Exactly the lines below from the line with "Natural landscape in Hotel Gasthof Adler" through the line with "Kindle Paperwhite Magnetic" must make up the answer, both ends included and pictures left out.
*** Information supplied Section Begins ***
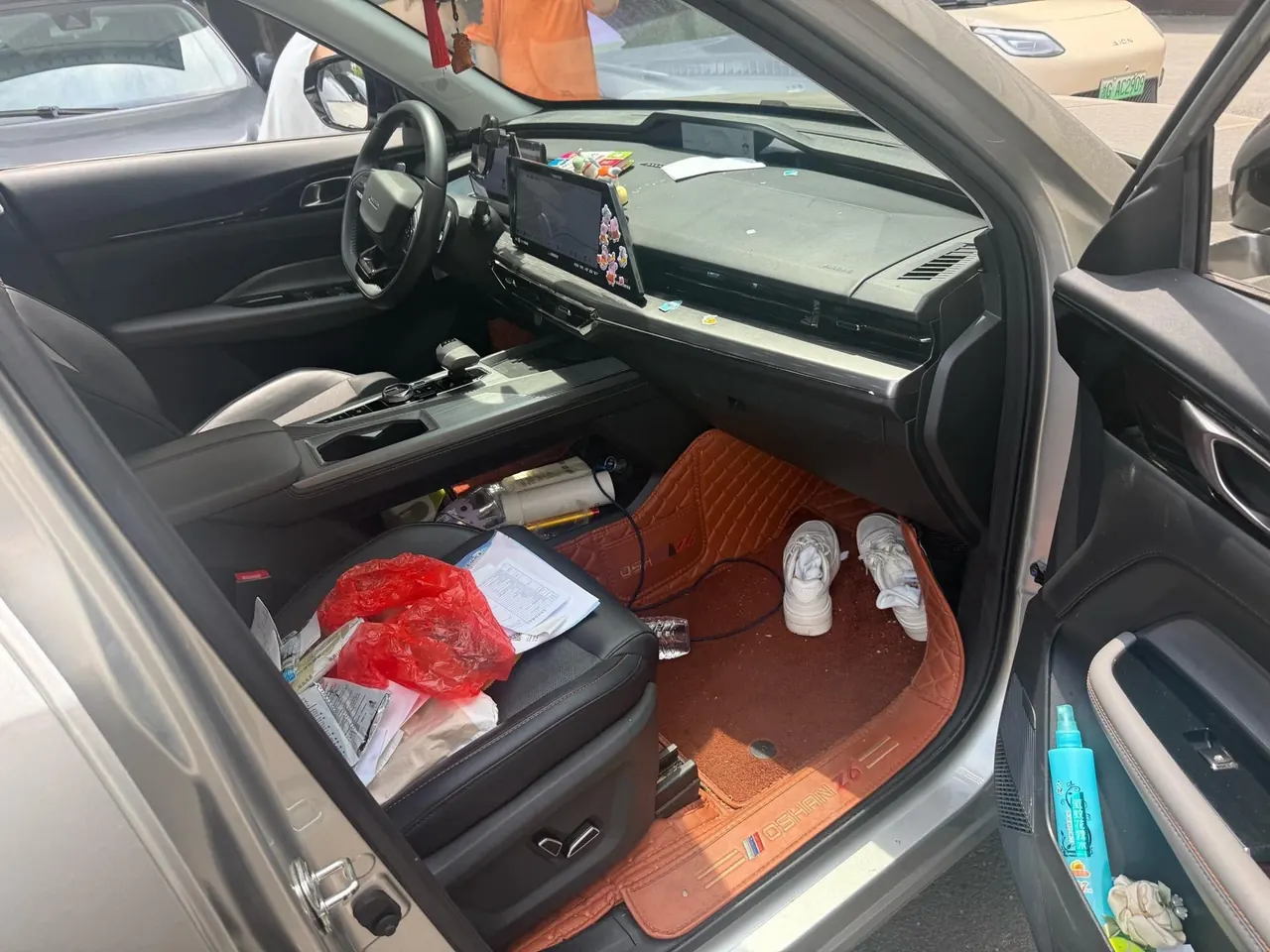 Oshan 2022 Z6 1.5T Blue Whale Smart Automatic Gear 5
*** Information supplied Section Ends ***
*** Information supplied Section Begins ***
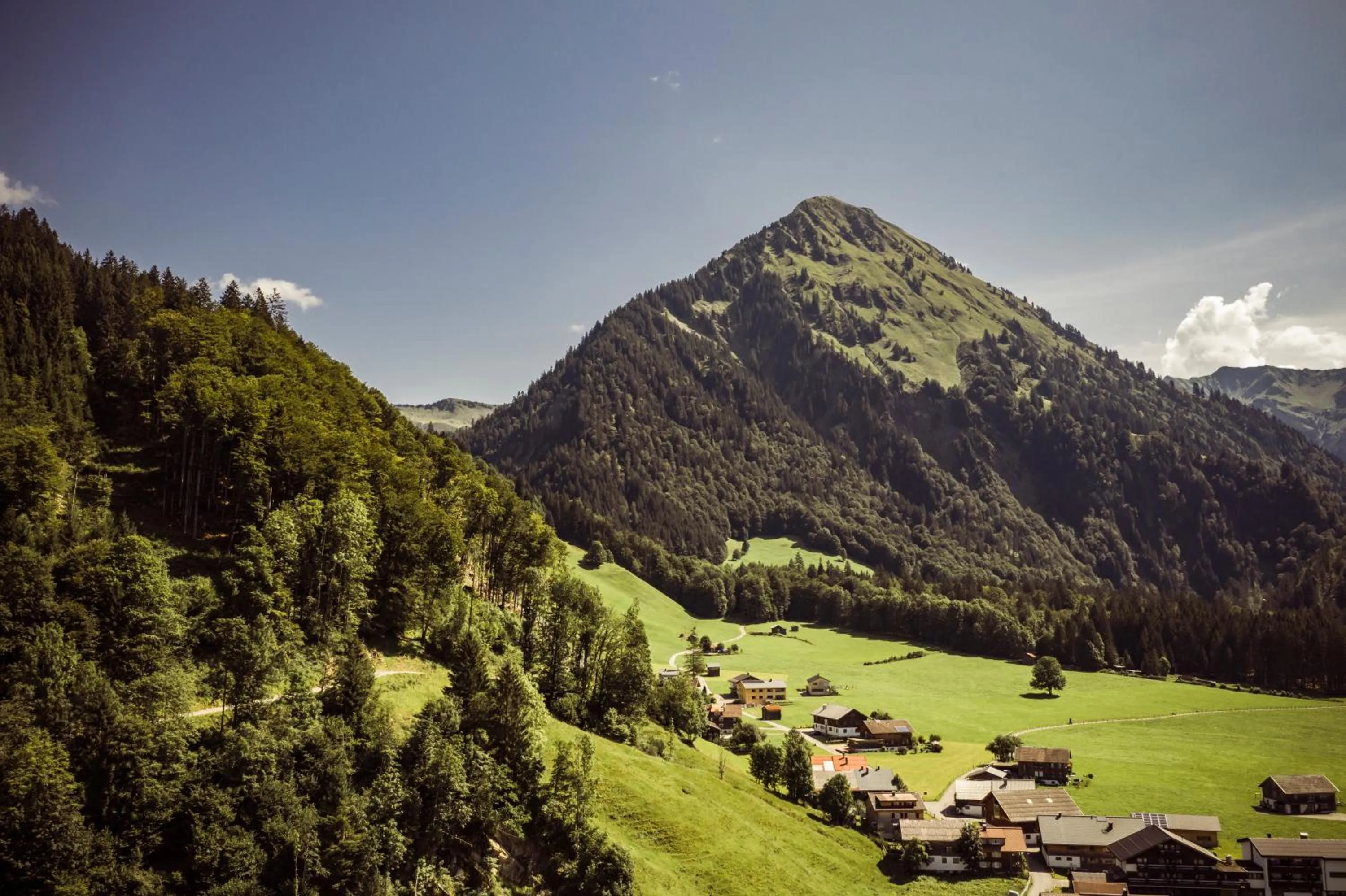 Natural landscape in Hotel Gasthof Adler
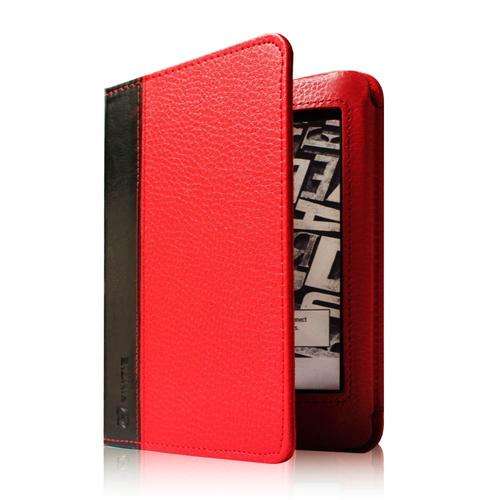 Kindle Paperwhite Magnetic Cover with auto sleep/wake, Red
*** Information supplied Section Ends ***
*** Information supplied Section Begins ***
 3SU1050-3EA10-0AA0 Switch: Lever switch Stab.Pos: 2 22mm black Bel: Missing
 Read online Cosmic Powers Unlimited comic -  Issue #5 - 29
*** Information supplied Section Ends ***
--- Exercise output ---
 Natural landscape in Hotel Gasthof Adler
 Kindle Paperwhite Magnetic Cover with auto sleep/wake, Red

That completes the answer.